(PROVIDED DATA)
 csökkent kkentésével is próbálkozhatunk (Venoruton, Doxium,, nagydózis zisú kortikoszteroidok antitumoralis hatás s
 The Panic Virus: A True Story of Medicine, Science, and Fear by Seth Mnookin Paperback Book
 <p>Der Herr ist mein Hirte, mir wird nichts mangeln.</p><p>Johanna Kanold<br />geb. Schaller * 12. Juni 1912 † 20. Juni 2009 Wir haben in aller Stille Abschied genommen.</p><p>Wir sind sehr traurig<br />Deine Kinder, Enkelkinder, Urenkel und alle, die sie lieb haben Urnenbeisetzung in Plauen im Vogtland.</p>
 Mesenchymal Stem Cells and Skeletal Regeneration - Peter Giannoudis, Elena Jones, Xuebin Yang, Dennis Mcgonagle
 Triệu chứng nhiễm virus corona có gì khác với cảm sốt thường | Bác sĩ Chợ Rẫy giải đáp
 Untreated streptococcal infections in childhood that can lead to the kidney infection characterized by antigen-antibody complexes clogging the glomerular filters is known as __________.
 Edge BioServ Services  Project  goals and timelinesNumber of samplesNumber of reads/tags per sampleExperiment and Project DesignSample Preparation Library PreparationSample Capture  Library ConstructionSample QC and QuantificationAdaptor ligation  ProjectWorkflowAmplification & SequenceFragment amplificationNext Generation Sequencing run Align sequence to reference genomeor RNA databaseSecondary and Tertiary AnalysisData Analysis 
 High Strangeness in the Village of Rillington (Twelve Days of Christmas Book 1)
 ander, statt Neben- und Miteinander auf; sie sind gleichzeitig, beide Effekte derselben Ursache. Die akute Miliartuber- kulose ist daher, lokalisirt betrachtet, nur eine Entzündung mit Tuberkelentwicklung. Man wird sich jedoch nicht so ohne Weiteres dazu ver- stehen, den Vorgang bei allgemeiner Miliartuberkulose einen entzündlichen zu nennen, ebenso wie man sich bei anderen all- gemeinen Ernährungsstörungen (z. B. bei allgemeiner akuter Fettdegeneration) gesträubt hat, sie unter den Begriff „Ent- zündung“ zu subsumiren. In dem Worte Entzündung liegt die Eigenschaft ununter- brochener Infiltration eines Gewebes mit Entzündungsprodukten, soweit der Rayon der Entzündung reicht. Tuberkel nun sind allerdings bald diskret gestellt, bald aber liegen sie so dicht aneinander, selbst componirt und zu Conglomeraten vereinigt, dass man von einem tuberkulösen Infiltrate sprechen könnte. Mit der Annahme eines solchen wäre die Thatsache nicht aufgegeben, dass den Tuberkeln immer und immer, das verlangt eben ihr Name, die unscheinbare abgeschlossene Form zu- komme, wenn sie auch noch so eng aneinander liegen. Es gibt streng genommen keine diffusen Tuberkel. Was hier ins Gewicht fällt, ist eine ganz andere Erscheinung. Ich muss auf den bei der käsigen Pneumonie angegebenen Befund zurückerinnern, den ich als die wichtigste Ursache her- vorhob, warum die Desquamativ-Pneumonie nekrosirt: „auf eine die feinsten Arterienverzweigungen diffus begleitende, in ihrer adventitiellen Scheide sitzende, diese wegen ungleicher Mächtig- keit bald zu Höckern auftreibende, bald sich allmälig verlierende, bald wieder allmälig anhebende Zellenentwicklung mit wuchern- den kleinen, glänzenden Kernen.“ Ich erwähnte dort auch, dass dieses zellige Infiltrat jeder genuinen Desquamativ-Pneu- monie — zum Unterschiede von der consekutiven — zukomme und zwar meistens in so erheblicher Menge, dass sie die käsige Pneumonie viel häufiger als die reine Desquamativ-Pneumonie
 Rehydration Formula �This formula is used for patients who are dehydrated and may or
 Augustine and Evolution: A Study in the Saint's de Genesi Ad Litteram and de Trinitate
(End PROVIDED DATA)
--- ASSIGNED TASK ---
Having read the entries above, restate them all word for word.

--- OUTPUT FOR THIS TASK ---
 csökkent kkentésével is próbálkozhatunk (Venoruton, Doxium,, nagydózis zisú kortikoszteroidok antitumoralis hatás s
 The Panic Virus: A True Story of Medicine, Science, and Fear by Seth Mnookin Paperback Book
 <p>Der Herr ist mein Hirte, mir wird nichts mangeln.</p><p>Johanna Kanold<br />geb. Schaller * 12. Juni 1912 † 20. Juni 2009 Wir haben in aller Stille Abschied genommen.</p><p>Wir sind sehr traurig<br />Deine Kinder, Enkelkinder, Urenkel und alle, die sie lieb haben Urnenbeisetzung in Plauen im Vogtland.</p>
 Mesenchymal Stem Cells and Skeletal Regeneration - Peter Giannoudis, Elena Jones, Xuebin Yang, Dennis Mcgonagle
 Triệu chứng nhiễm virus corona có gì khác với cảm sốt thường | Bác sĩ Chợ Rẫy giải đáp
 Untreated streptococcal infections in childhood that can lead to the kidney infection characterized by antigen-antibody complexes clogging the glomerular filters is known as __________.
 Edge BioServ Services  Project  goals and timelinesNumber of samplesNumber of reads/tags per sampleExperiment and Project DesignSample Preparation Library PreparationSample Capture  Library ConstructionSample QC and QuantificationAdaptor ligation  ProjectWorkflowAmplification & SequenceFragment amplificationNext Generation Sequencing run Align sequence to reference genomeor RNA databaseSecondary and Tertiary AnalysisData Analysis 
 High Strangeness in the Village of Rillington (Twelve Days of Christmas Book 1)
 ander, statt Neben- und Miteinander auf; sie sind gleichzeitig, beide Effekte derselben Ursache. Die akute Miliartuber- kulose ist daher, lokalisirt betrachtet, nur eine Entzündung mit Tuberkelentwicklung. Man wird sich jedoch nicht so ohne Weiteres dazu ver- stehen, den Vorgang bei allgemeiner Miliartuberkulose einen entzündlichen zu nennen, ebenso wie man sich bei anderen all- gemeinen Ernährungsstörungen (z. B. bei allgemeiner akuter Fettdegeneration) gesträubt hat, sie unter den Begriff „Ent- zündung“ zu subsumiren. In dem Worte Entzündung liegt die Eigenschaft ununter- brochener Infiltration eines Gewebes mit Entzündungsprodukten, soweit der Rayon der Entzündung reicht. Tuberkel nun sind allerdings bald diskret gestellt, bald aber liegen sie so dicht aneinander, selbst componirt und zu Conglomeraten vereinigt, dass man von einem tuberkulösen Infiltrate sprechen könnte. Mit der Annahme eines solchen wäre die Thatsache nicht aufgegeben, dass den Tuberkeln immer und immer, das verlangt eben ihr Name, die unscheinbare abgeschlossene Form zu- komme, wenn sie auch noch so eng aneinander liegen. Es gibt streng genommen keine diffusen Tuberkel. Was hier ins Gewicht fällt, ist eine ganz andere Erscheinung. Ich muss auf den bei der käsigen Pneumonie angegebenen Befund zurückerinnern, den ich als die wichtigste Ursache her- vorhob, warum die Desquamativ-Pneumonie nekrosirt: „auf eine die feinsten Arterienverzweigungen diffus begleitende, in ihrer adventitiellen Scheide sitzende, diese wegen ungleicher Mächtig- keit bald zu Höckern auftreibende, bald sich allmälig verlierende, bald wieder allmälig anhebende Zellenentwicklung mit wuchern- den kleinen, glänzenden Kernen.“ Ich erwähnte dort auch, dass dieses zellige Infiltrat jeder genuinen Desquamativ-Pneu- monie — zum Unterschiede von der consekutiven — zukomme und zwar meistens in so erheblicher Menge, dass sie die käsige Pneumonie viel häufiger als die reine Desquamativ-Pneumonie
 Rehydration Formula �This formula is used for patients who are dehydrated and may or
 Augustine and Evolution: A Study in the Saint's de Genesi Ad Litteram and de Trinitate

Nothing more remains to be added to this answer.